**Task objective**.
Beginning with the line that contains "Reindeer Saint Bernard", print each line to the end of the data exactly. Omit the pictures.

Collected data
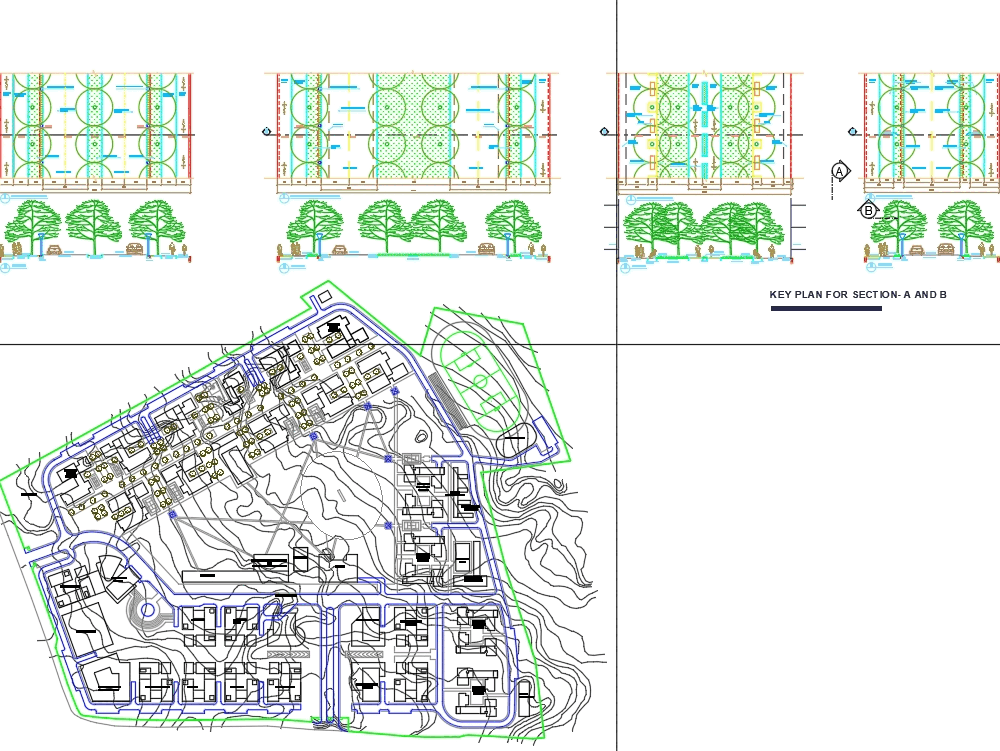 University site plan and road sections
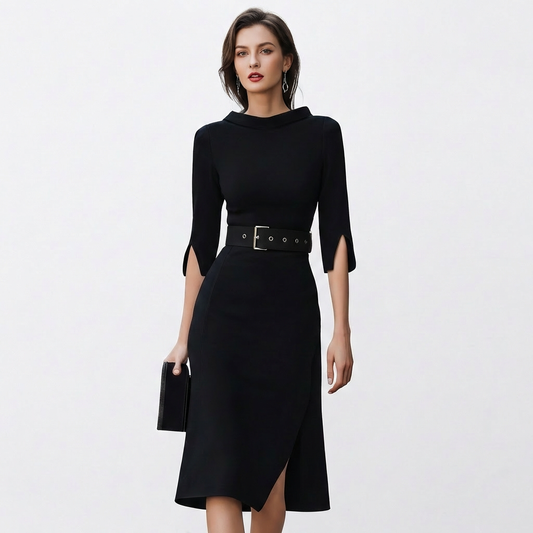 Vestido Midi Mujer con Cinturón Ajuste Elegante - Mavetta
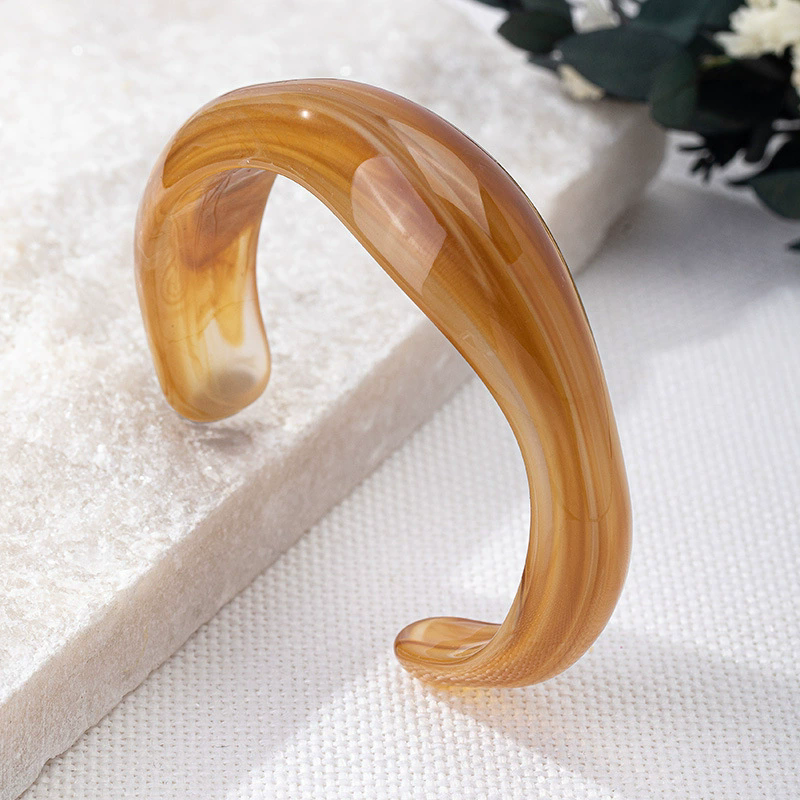 1PC Dopamine Wavy-shape Acrylic Resin Chunky Bangles for Women Irregular Goth Geometric Smudging Cuff Bracelets Charms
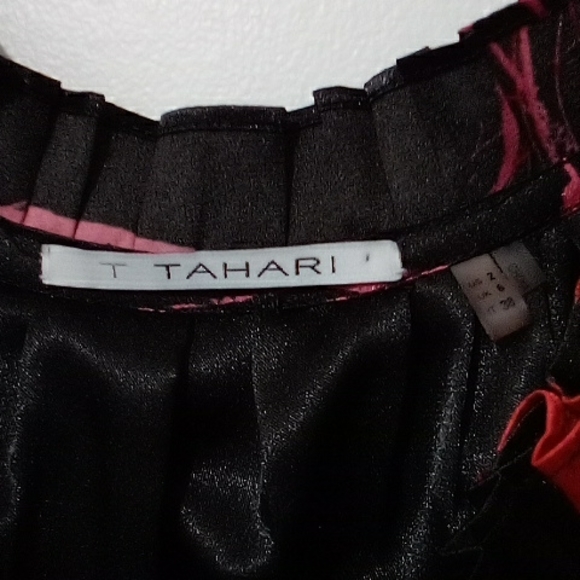 Tahari pink red black sleeveless cocktail shift dress - Picture 3 of 6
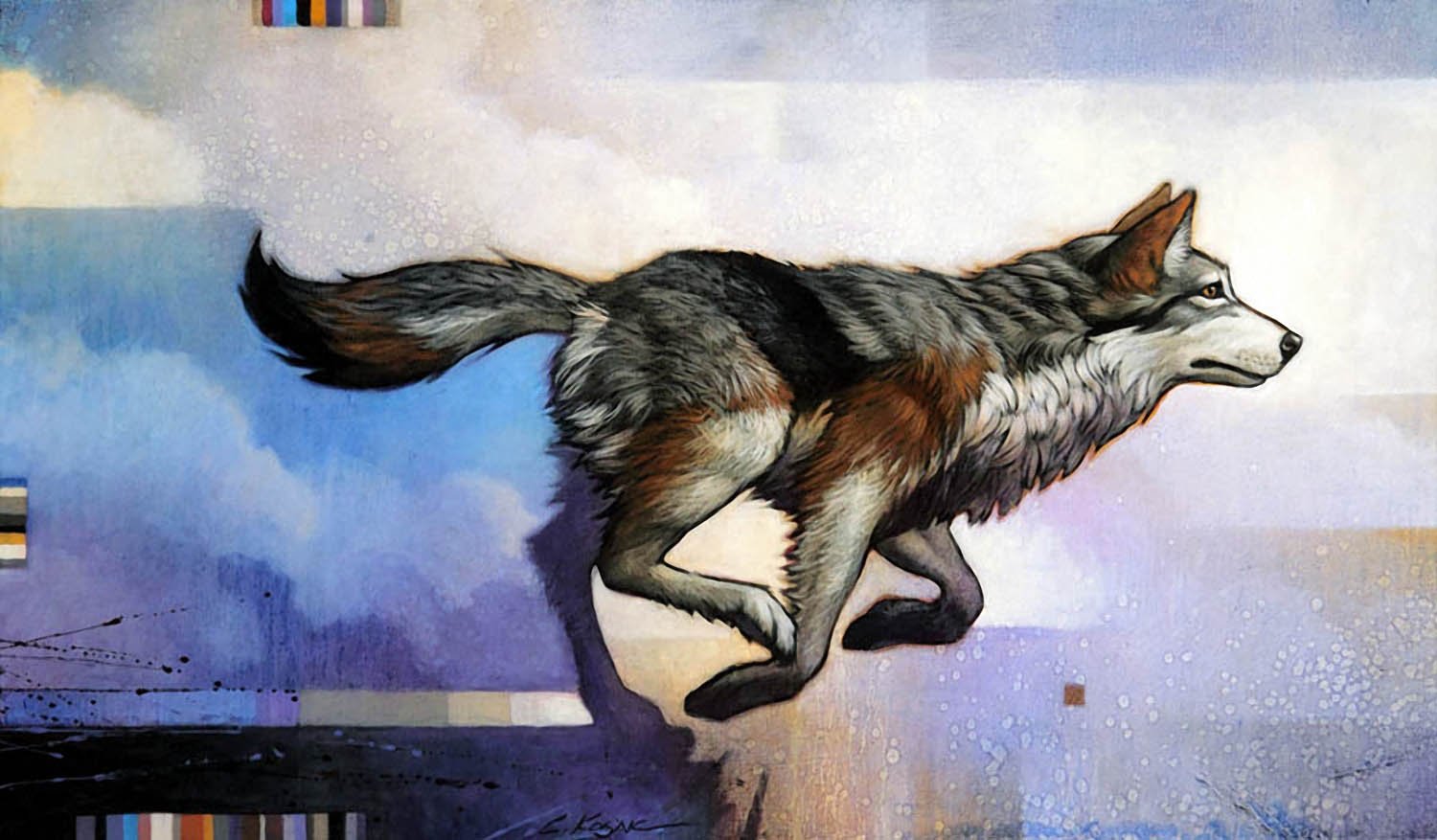 Сбежать от зверя читать. Крейг Косак художник. Волки картины художников. Бегущая с волками. Бегущий волк скульптура.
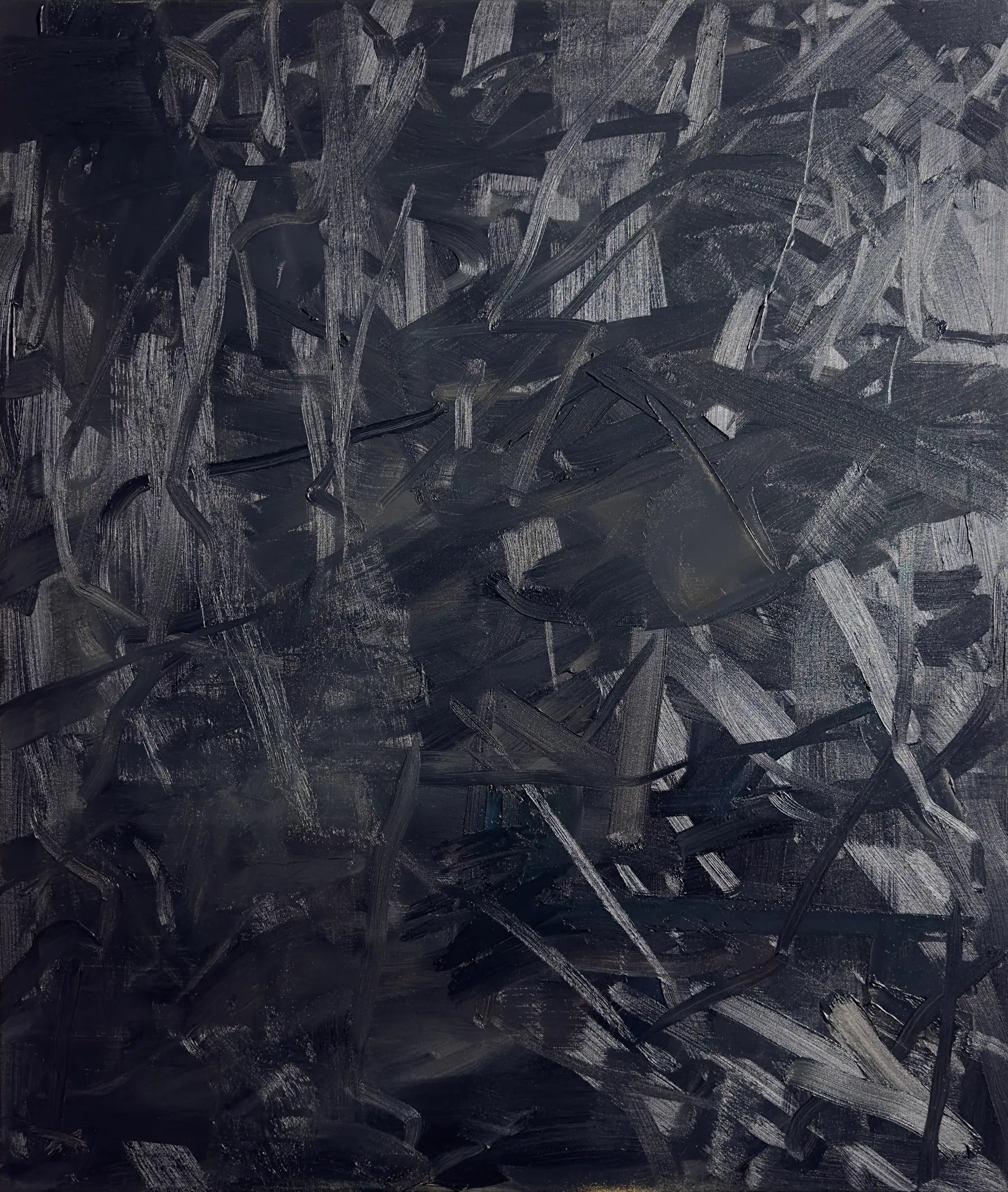 Dark grey canvas covered in criss-crossing strokes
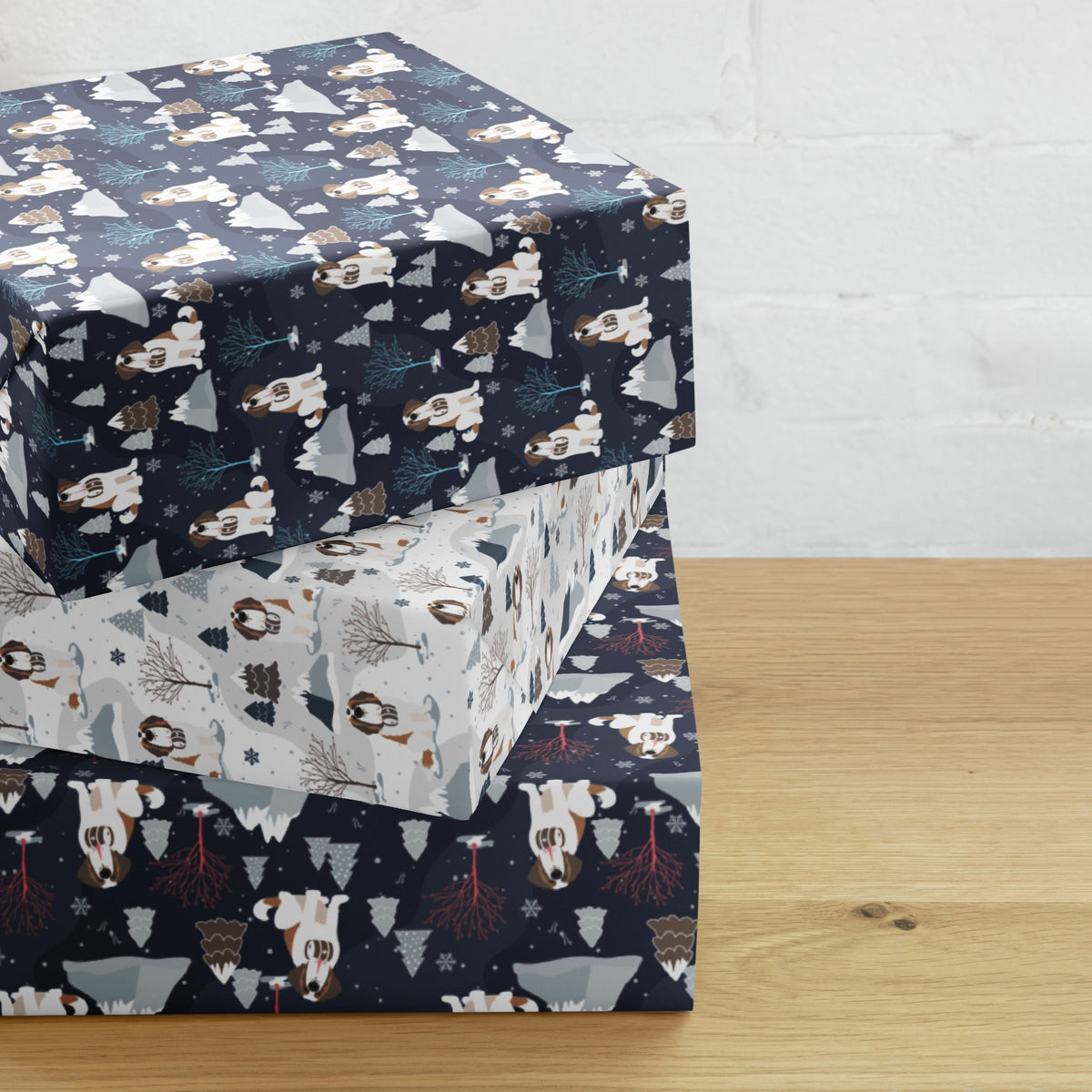 Reindeer Saint Bernard Dog Christmas Wrapping Paper Sheets by Lucy + Norman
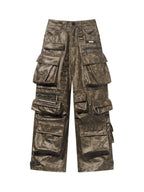 BLIND NO PLAN Multi Pocket Embroidered Labeling Work Pants
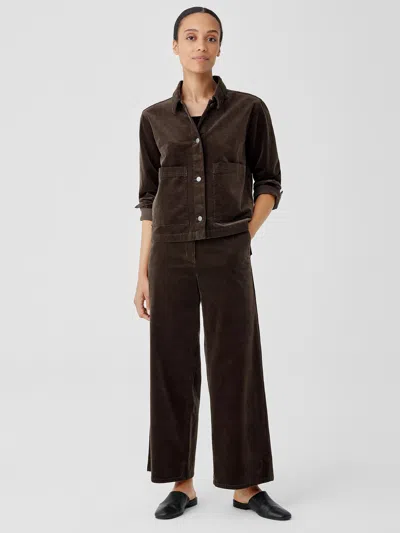 Eileen Fisher Organic Cotton Stretch Corduroy Wide-leg Pant In Brown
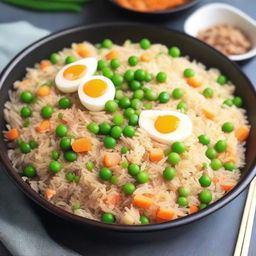 A detailed and appetizing image of egg fried rice with peas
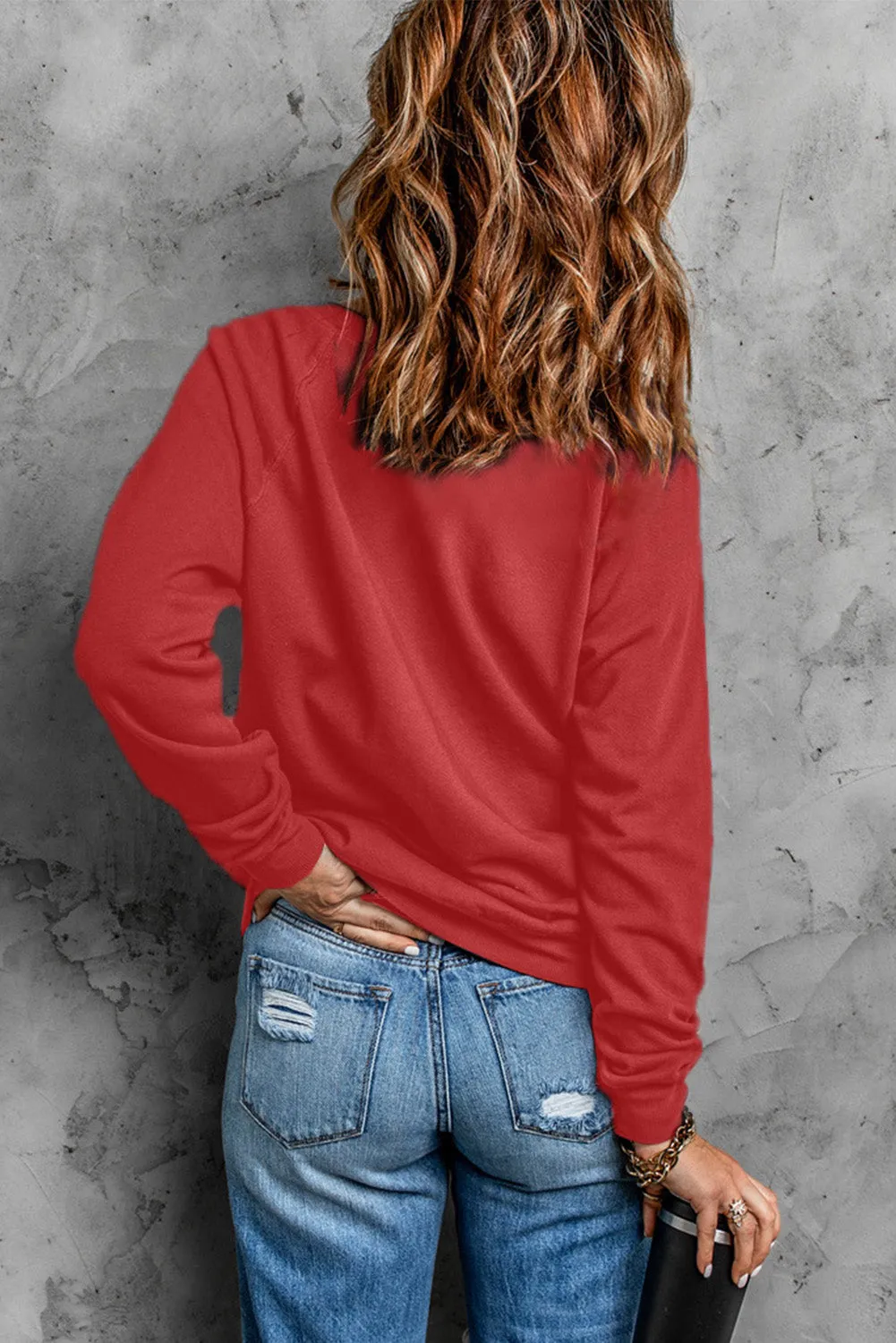 Letter Print Round Neck Long Sleeve Pullover Sweatshirt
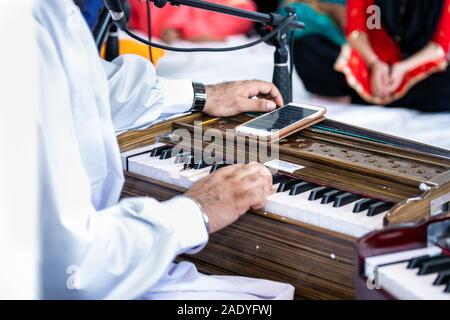 Indian sikh traditional ritual musical instruments Stock Photo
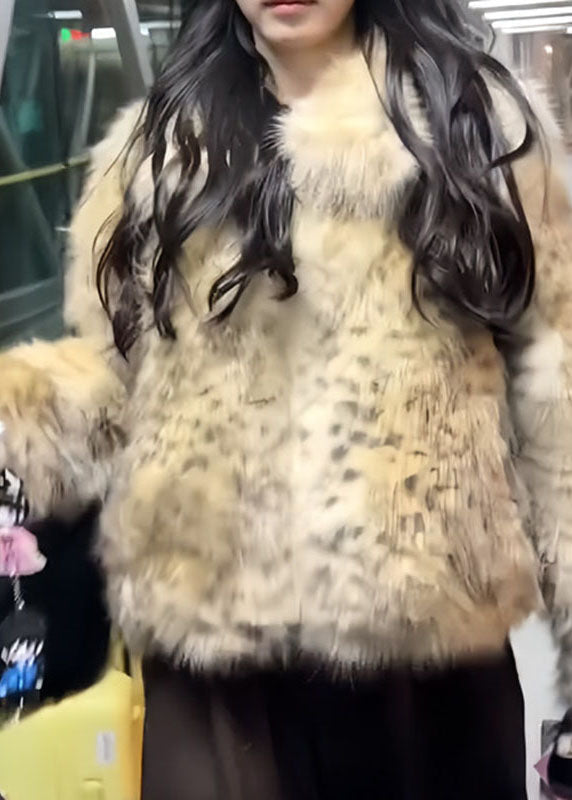 Handmade Yellow Button Leopard Print Leather And Fur Coat Winter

**Solved exercise**.
 Reindeer Saint Bernard Dog Christmas Wrapping Paper Sheets by Lucy + Norman
 BLIND NO PLAN Multi Pocket Embroidered Labeling Work Pants
 Eileen Fisher Organic Cotton Stretch Corduroy Wide-leg Pant In Brown
 A detailed and appetizing image of egg fried rice with peas
 Letter Print Round Neck Long Sleeve Pullover Sweatshirt
 Indian sikh traditional ritual musical instruments Stock Photo
 Handmade Yellow Button Leopard Print Leather And Fur Coat Winter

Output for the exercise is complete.